Se hai sbagliato a pagare le tasse puoi ricorrere a questo strumento, eviti le sanzioni e ti salvi.
Nel labirinto spesso intricato della normativa fiscale italiana, il contribuente si trova non di rado a confrontarsi con norme ambigue, indicazioni contraddittorie e regolamenti non sempre trasparenti.
In questo scenario, il dubbio interpretativo non è soltanto una questione di poca chiarezza, ma può diventare un rischio concreto, capace di generare sanzioni, contenziosi e un senso di profonda frustrazione.
Fisco, se hai sbagliato a pagare le tasse puoi ancora salvarti: così non ti becchi sanzioni
L’incertezza normativa tributaria si manifesta ogniqualvolta una norma fiscale o un atto amministrativo correlato non consente un’interpretazione chiara e univoca. In questi casi, l’ambiguità può riguardare la portata stessa della norma, il campo di applicazione, oppure i modelli e le richieste utilizzati per adempiere agli obblighi fiscali.
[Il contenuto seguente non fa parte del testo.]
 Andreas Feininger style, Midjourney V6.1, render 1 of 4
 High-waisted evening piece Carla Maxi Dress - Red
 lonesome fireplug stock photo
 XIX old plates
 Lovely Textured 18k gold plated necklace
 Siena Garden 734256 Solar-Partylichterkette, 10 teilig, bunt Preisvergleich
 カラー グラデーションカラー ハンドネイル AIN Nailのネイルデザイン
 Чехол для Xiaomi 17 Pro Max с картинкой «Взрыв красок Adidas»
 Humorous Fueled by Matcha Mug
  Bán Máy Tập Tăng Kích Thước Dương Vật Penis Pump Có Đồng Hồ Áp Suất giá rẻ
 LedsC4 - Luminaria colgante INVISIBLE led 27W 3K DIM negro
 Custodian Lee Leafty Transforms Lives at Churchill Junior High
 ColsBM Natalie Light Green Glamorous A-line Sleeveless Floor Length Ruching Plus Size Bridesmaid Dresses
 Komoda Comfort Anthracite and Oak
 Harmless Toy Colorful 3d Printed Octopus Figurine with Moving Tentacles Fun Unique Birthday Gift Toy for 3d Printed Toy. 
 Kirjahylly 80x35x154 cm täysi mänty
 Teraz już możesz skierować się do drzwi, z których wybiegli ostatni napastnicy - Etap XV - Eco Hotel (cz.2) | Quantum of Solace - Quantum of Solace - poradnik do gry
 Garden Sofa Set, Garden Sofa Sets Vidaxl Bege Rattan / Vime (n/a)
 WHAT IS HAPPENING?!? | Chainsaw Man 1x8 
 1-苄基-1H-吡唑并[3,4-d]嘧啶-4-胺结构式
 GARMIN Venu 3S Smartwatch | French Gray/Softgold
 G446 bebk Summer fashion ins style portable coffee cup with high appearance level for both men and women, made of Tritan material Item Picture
L’art. 1375 del Codice Civile, che impone di eseguire i contratti secondo buona fede, è stato utilizzato come base per estendere tale principio anche ai rapporti con l’amministrazione finanziaria.
A rafforzare questa impostazione, la Corte di Cassazione, con la nota sentenza n. 19667/2008, ha ribadito che anche nell’ambito tributario le parti sono tenute ad agire con lealtà e coerenza, evitando comportamenti contraddittori o sleali.
Inoltre, l’articolo 97 della Costituzione, che disciplina il buon andamento e l’imparzialità dell’amministrazione, impone anche all’Agenzia delle Entrate di non disattendere l’affidamento del contribuente, specialmente nei casi in cui l’incertezza sia frutto di una gestione normativa ambigua.
Un punto essenziale della disciplina è che non è il contribuente a decidere se vi sia incertezza normativa, ma il giudice. È infatti il potere giurisdizionale a dover valutare, in modo oggettivo, se la norma in questione presenta davvero margini di ambiguità tali da giustificare l’errore.
La Corte di Cassazione, con la sentenza n. 1312 del 20 gennaio 2025, ha chiarito che la disapplicazione delle sanzioni avviene solo a seguito di una “rigorosa verifica” che attesti l’impossibilità, per un interprete ragionevole, di individuare con sicurezza la norma da applicare.
Nel momento in cui il contribuente si trovi sotto verifica o accertamento per una presunta violazione fiscale, è lui a dover dimostrare l’esistenza di un’incertezza normativa oggettiva.
Questo percorso richiede attenzione e competenza, ma è fondamentale per proteggersi da sanzioni ingiuste e per far valere il principio di buon senso che è alla base dell’intero impianto di tutela.
Un’altra arma a disposizione del contribuente è l’interpello ordinario (previsto dall’articolo 11 della Legge n. 212/2000, lo Statuto del Contribuente). In presenza di dubbi interpretativi sulla corretta applicazione di una norma tributaria, è possibile chiedere preventivamente chiarimenti all’Agenzia delle Entrate.
Il fatto stesso che l’Agenzia ritenga ammissibile l’interpello è già indice dell’esistenza di una reale condizione di incertezza. Da ciò consegue che eventuali violazioni pregresse, se collegate alla stessa questione interpretativa, non dovrebbero essere punite, poiché commesse in un contesto giuridico oggettivamente ambiguo.